◆ **Directions for this task**
The copy you produce must repeat each record exactly and contain no pictures.
= = = = = = =
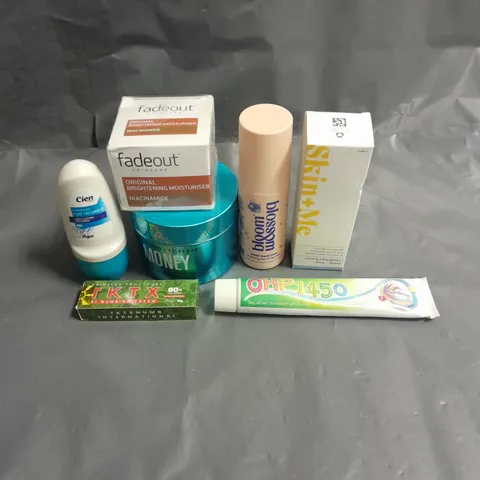 APPROXIMATELY 20 ASSORTED HEALTH & BEAUTY PRODUCTS TO INCLUDE FADEOUT MOISTURISER, SANDERSON TOOTHPASTE AND BLOOM & BLOSSOM FOOT AND LEG MIST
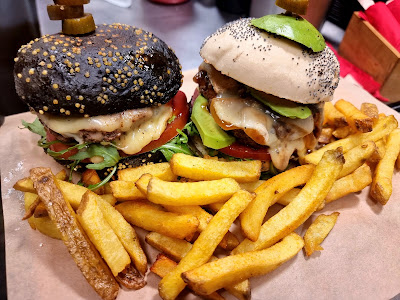 West Food à Bourg-la-Reine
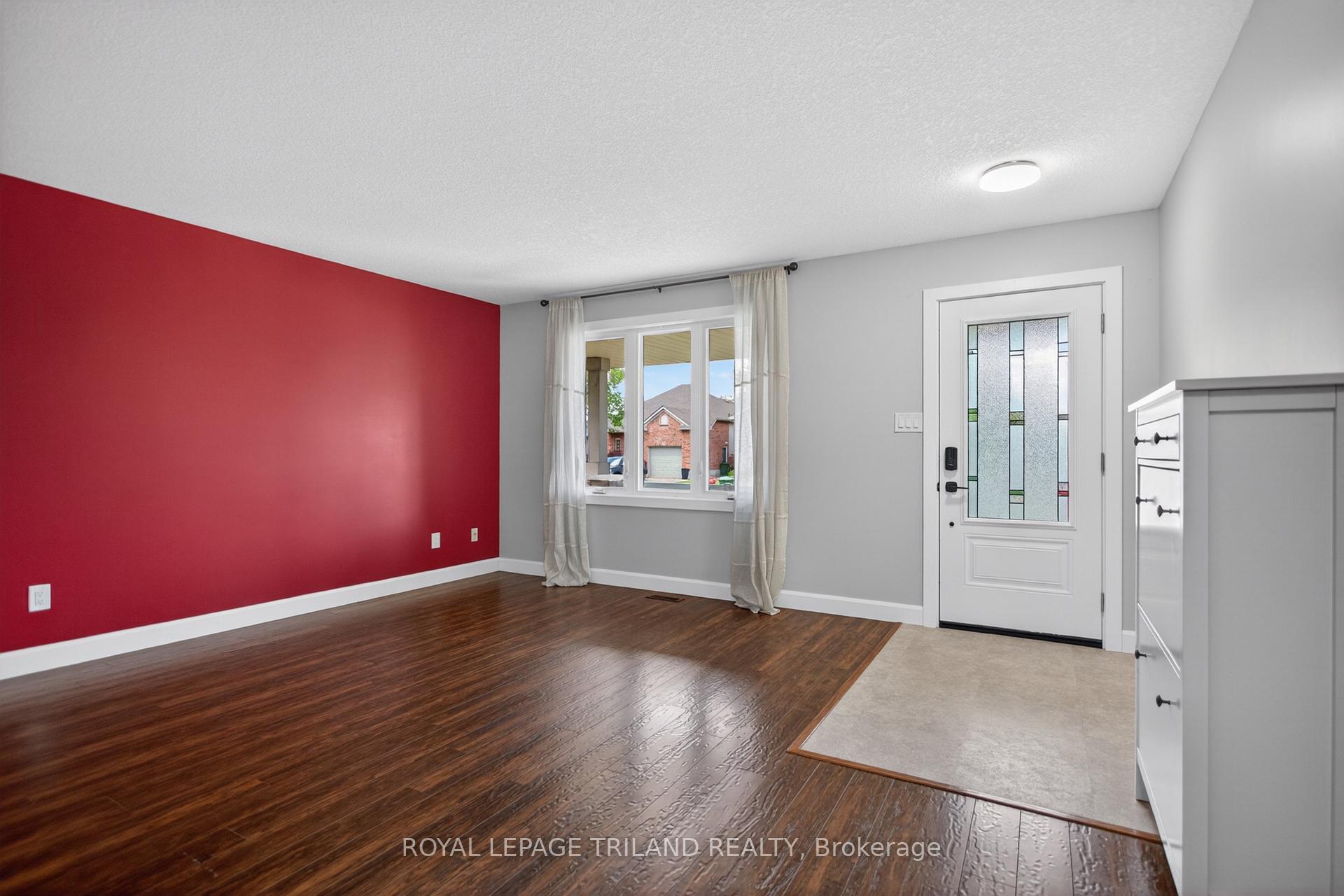 Photo 6 of 48 Cottonwood Drive, St. Thomas — HOMEH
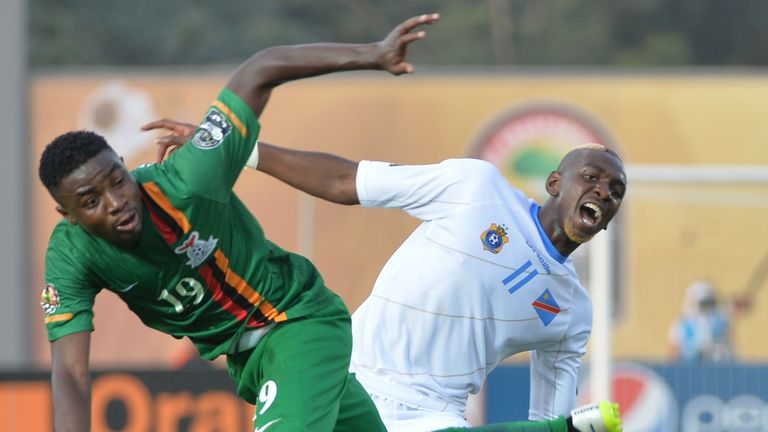 DR Congo Yannick Bolasie (R) vies with Zambia's Nathan Sinkala (L) during the 2015 African Cup of Nations group B football match 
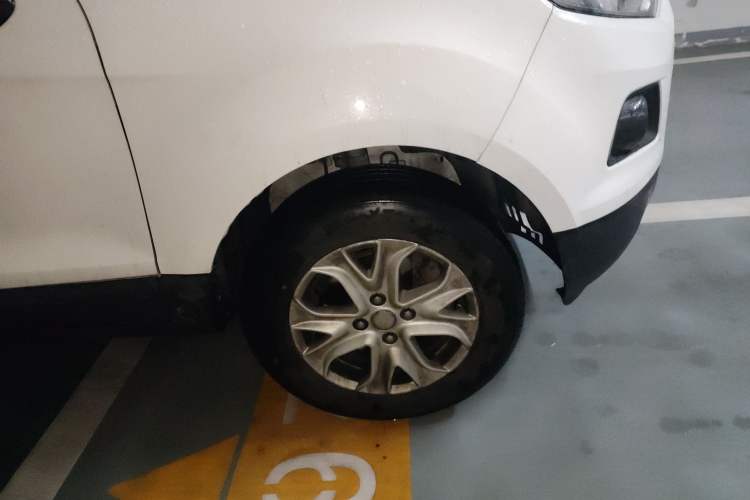 Used Ford EcoSport 2013 1.5L Manual Comfort Model Right Front Wheel Hub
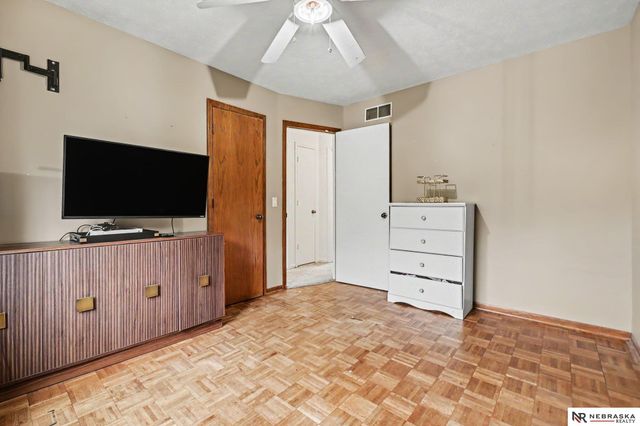 12739 Kansas Avenue, Omaha, NE 68164
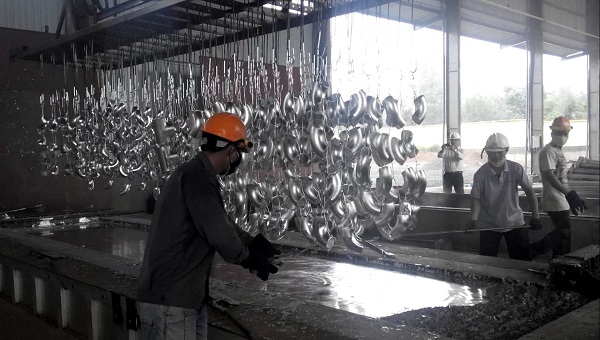 Sản phẩm thép sau quy trình mạ kẽm nhúng nóng có lớp kẽm sáng bóng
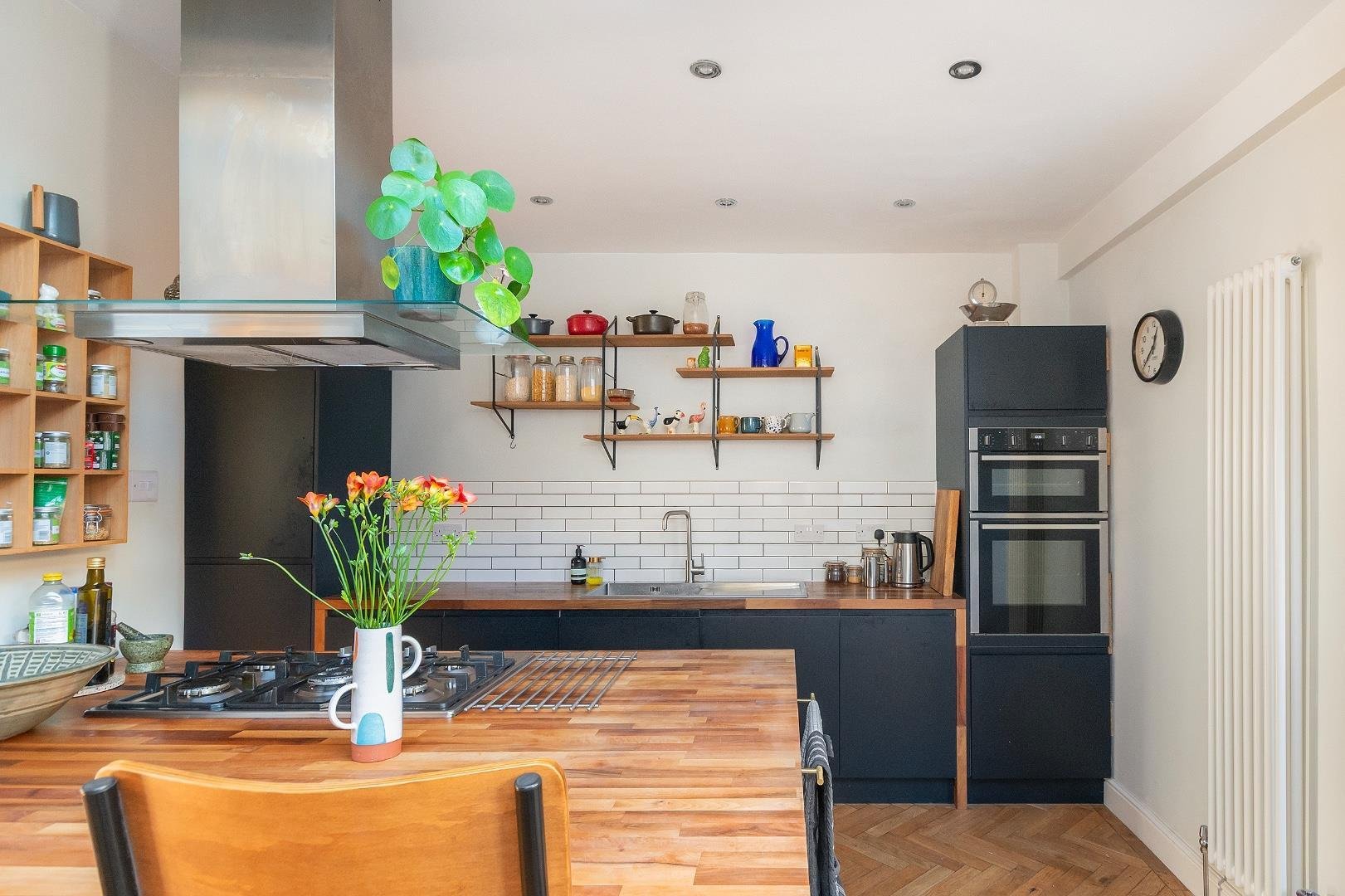 Cotswold road windmill hill 34696105 1 c6 r1 wh kitchen e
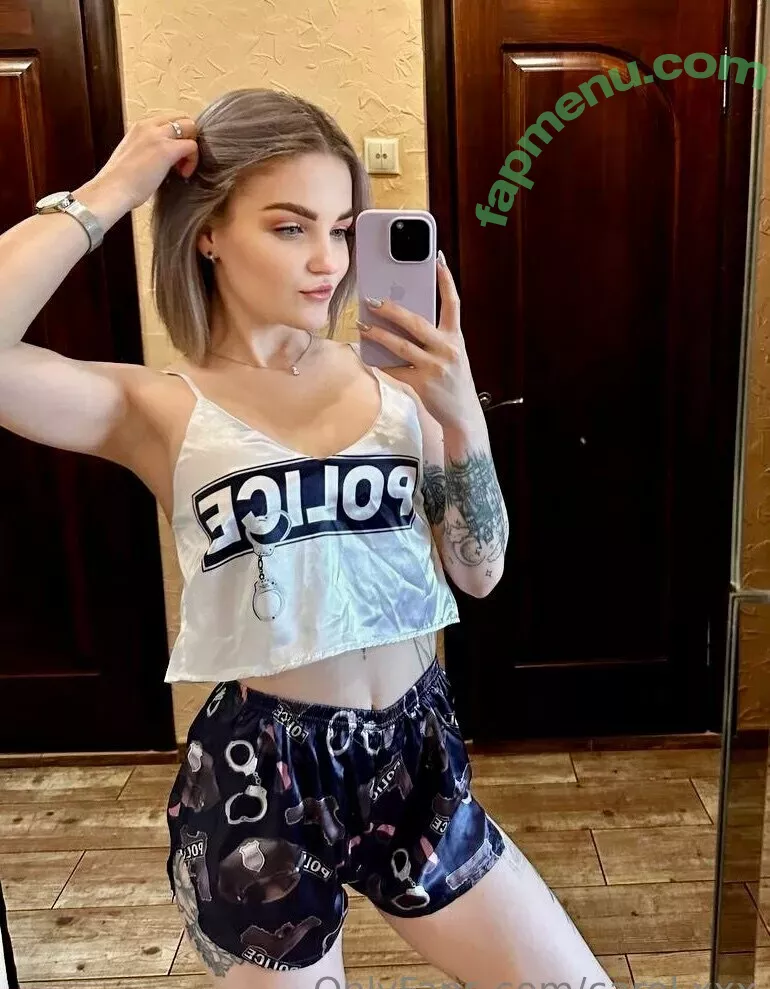 carol.xxx nude photo #0133 (carollinejane123742)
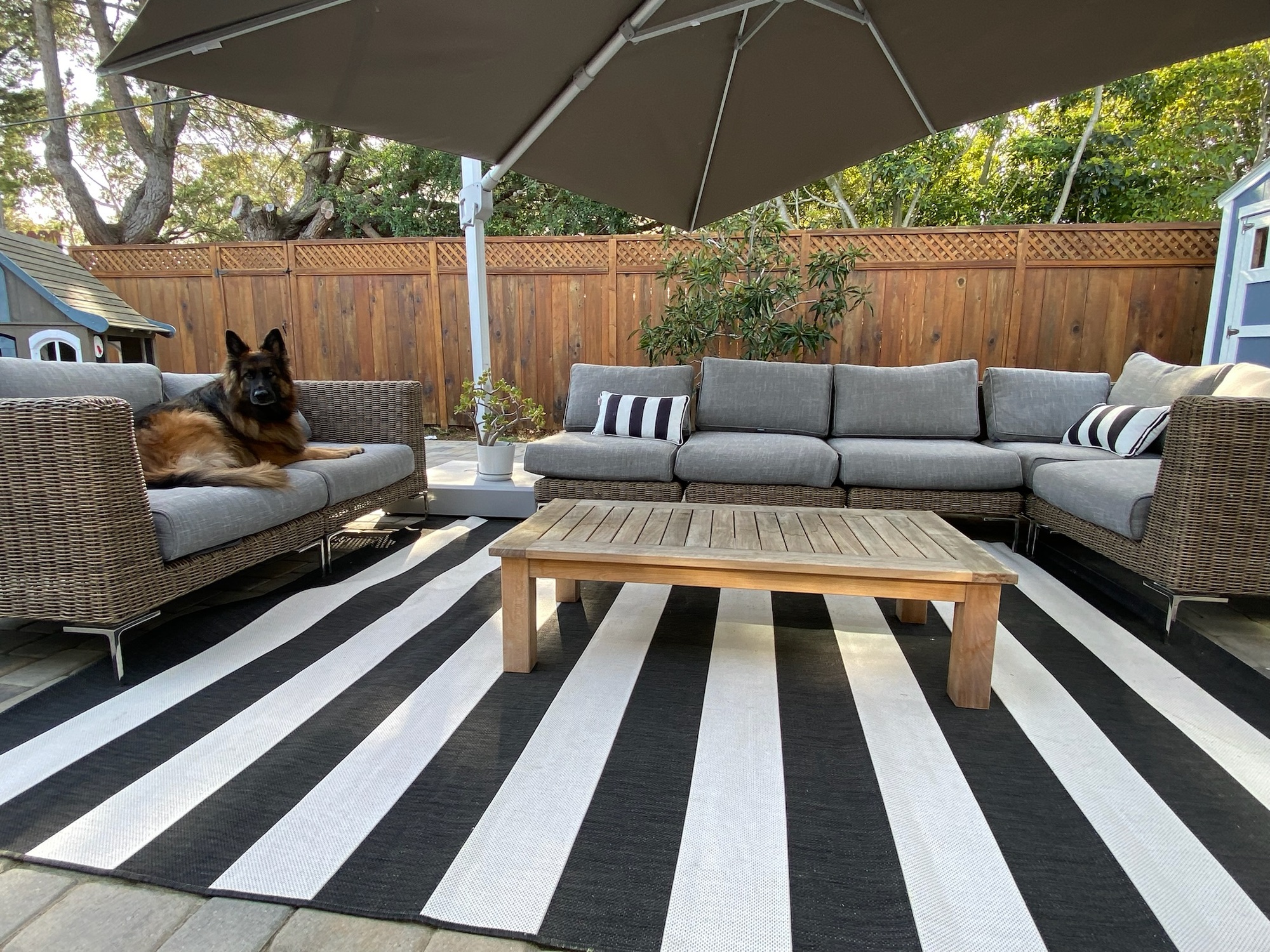 An Outdoor Lounge to Gather and Relax - Photo 4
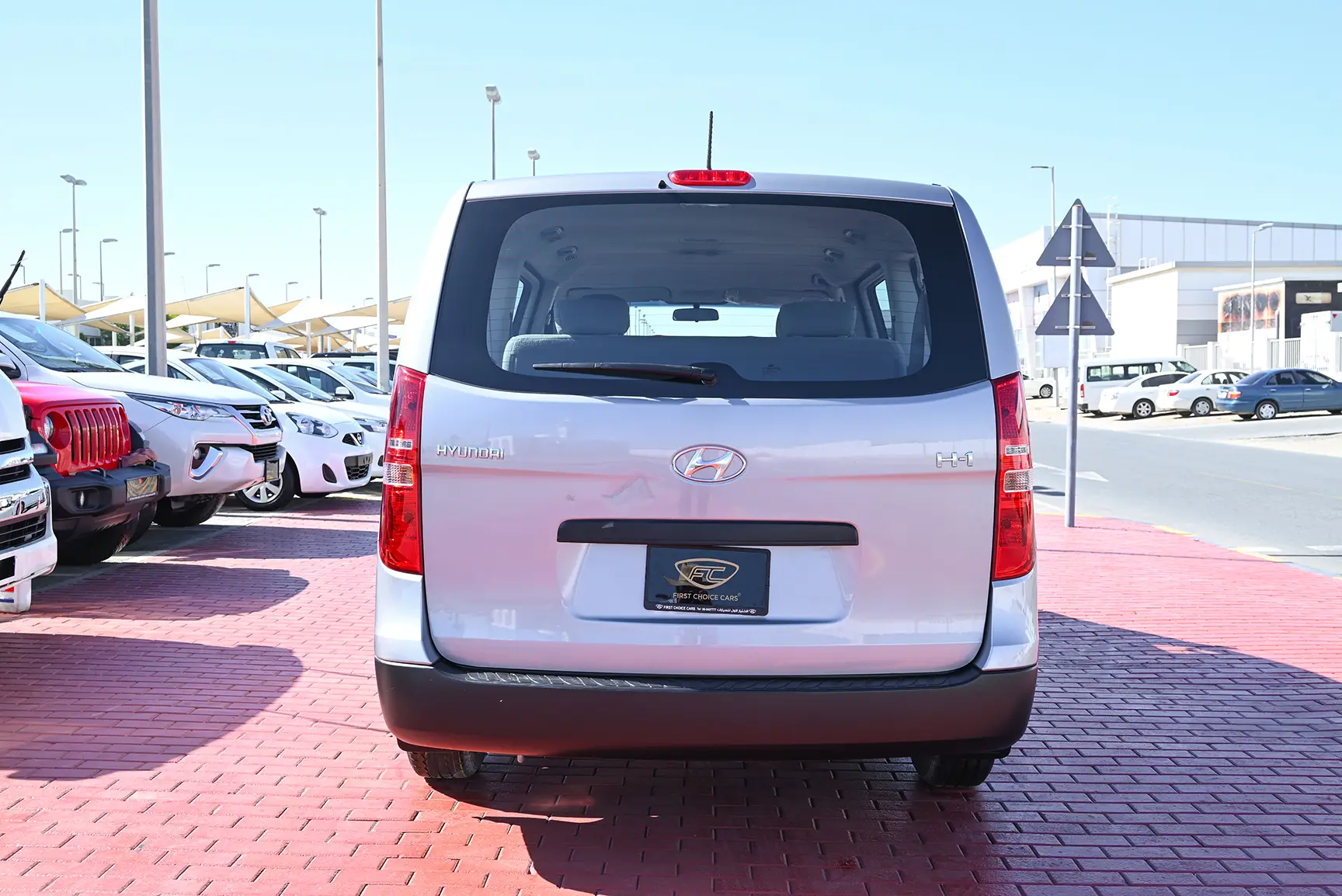 Used 2020 Hyundai H1 9-Seater Wagon Silver – Back/Rear View at First Choice Cars Sharjah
= = = = = = =
◆ **Exercise solution**
 APPROXIMATELY 20 ASSORTED HEALTH & BEAUTY PRODUCTS TO INCLUDE FADEOUT MOISTURISER, SANDERSON TOOTHPASTE AND BLOOM & BLOSSOM FOOT AND LEG MIST
 West Food à Bourg-la-Reine
 Photo 6 of 48 Cottonwood Drive, St. Thomas — HOMEH
 DR Congo Yannick Bolasie (R) vies with Zambia's Nathan Sinkala (L) during the 2015 African Cup of Nations group B football match 
 Used Ford EcoSport 2013 1.5L Manual Comfort Model Right Front Wheel Hub
 12739 Kansas Avenue, Omaha, NE 68164
 Sản phẩm thép sau quy trình mạ kẽm nhúng nóng có lớp kẽm sáng bóng
 Cotswold road windmill hill 34696105 1 c6 r1 wh kitchen e
 carol.xxx nude photo #0133 (carollinejane123742)
 An Outdoor Lounge to Gather and Relax - Photo 4
 Used 2020 Hyundai H1 9-Seater Wagon Silver – Back/Rear View at First Choice Cars Sharjah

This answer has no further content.